It added that the success of repatriation efforts to countries including France, Germany, the UK and Sweden should encourage Western governments to accept greater numbers of child nationals from former Daesh territories.

The report, titled “‘My son is just another kid’: Experiences of children repatriated from camps for Daesh suspects and their families in northeast Syria,” documents the progress of 100 children repatriated between 2019 and 2022.

The 63-page report found that the majority of the children are performing well in school, taking part in a variety of hobbies, and have been given a “new chance in life” following the “horrors of the camps.”

A survey conducted for the report found that 89 percent of respondents — family members, foster parents, social workers and teachers — reported that a repatriated child was doing “very well” or “quite well” at adjusting.

On education, 73 percent said a child under their care was performing “very well” or “quite well” in school.

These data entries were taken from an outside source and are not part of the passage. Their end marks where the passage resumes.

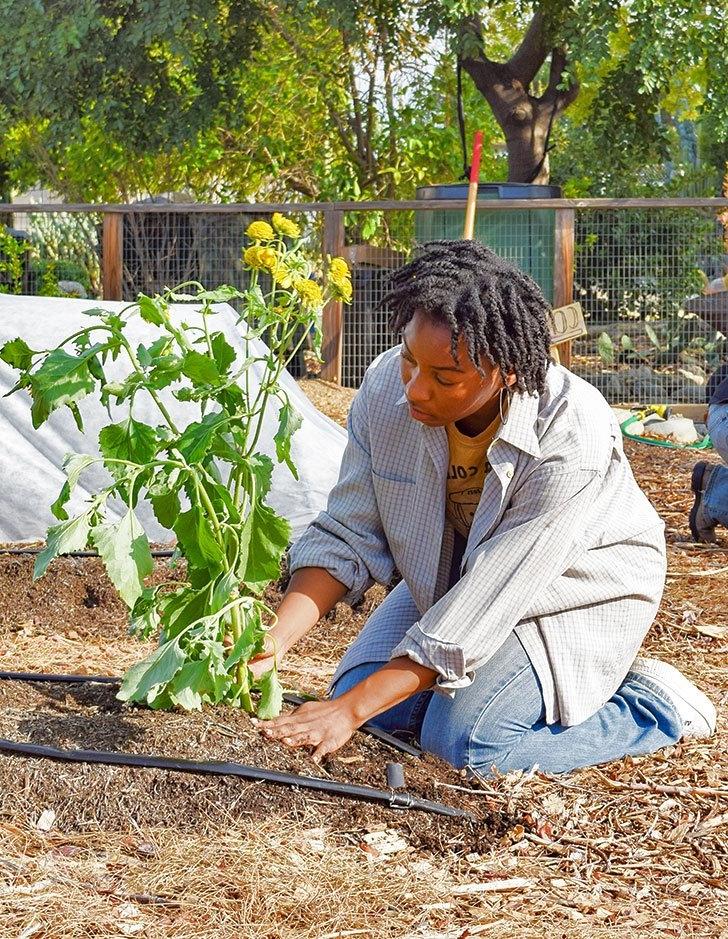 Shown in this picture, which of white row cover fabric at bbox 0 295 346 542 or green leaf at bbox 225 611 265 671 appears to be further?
white row cover fabric at bbox 0 295 346 542

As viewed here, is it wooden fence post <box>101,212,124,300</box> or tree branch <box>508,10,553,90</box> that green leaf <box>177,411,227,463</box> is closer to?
wooden fence post <box>101,212,124,300</box>

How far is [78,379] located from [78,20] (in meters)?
9.50

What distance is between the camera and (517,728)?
A: 9.33 feet

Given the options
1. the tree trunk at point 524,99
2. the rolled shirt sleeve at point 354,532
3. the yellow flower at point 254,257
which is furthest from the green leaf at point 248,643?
the tree trunk at point 524,99

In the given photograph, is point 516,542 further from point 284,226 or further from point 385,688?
point 284,226

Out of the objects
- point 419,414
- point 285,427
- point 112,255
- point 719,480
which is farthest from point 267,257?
point 112,255

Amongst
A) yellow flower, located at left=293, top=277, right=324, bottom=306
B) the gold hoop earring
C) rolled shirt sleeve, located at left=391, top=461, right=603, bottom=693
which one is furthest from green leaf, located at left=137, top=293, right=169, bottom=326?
rolled shirt sleeve, located at left=391, top=461, right=603, bottom=693

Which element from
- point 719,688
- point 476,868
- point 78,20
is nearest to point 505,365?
point 476,868

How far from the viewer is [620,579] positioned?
2.88 metres

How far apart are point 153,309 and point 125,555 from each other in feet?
1.62

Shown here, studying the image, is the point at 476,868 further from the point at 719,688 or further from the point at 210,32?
the point at 210,32

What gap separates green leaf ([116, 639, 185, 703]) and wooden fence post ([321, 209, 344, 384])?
A: 7057 millimetres

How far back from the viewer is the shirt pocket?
292 centimetres

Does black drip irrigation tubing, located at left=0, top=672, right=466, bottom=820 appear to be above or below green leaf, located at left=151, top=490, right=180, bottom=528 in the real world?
below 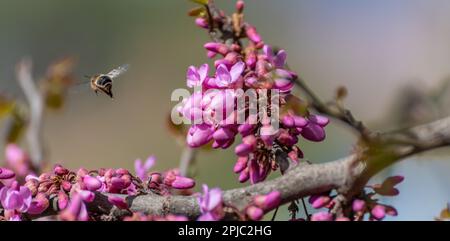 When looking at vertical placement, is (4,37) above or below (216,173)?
above

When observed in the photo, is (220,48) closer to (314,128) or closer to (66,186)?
(314,128)

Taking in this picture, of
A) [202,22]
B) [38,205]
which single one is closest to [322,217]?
[38,205]

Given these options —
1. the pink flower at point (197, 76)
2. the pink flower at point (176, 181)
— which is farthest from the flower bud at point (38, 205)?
the pink flower at point (197, 76)

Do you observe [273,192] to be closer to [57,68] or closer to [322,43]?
[57,68]

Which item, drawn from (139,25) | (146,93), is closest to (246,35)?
(146,93)

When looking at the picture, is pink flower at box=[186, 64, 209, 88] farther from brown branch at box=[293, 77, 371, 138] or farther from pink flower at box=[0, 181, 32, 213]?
pink flower at box=[0, 181, 32, 213]

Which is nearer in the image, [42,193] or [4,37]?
[42,193] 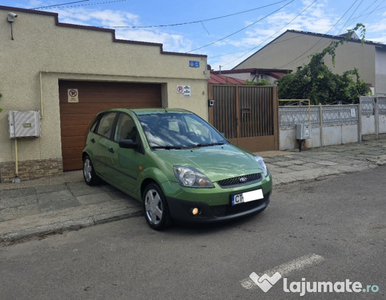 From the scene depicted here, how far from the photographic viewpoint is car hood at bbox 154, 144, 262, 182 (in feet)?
13.6

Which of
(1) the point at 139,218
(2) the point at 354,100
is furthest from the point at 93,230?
(2) the point at 354,100

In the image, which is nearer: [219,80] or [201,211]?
[201,211]

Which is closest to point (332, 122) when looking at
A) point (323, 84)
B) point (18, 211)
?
point (323, 84)

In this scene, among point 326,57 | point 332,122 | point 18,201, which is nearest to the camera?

The report found evidence of significant emotional and behavioral trauma among some of the repatriated children, but argued that learning assistance and psychosocial support could further encourage reintegration.

About 56,000 people, mostly women and children, remain in Syria’s Al-Hol and Roj camps. Though most detainees hail from Syria and neighboring Iraq, more than 10,000 prisoners are from countries around the world, including major Western nations. HRW said almost 80 percent of children in the camps are aged under 12.

Regional Kurdish authorities that oversee the camps have warned that they lack the required resources to maintain long-term care of the detainees.

Conditions in the camps have significantly worsened in recent years, with frequent clashes between Daesh loyalists and other prisoners.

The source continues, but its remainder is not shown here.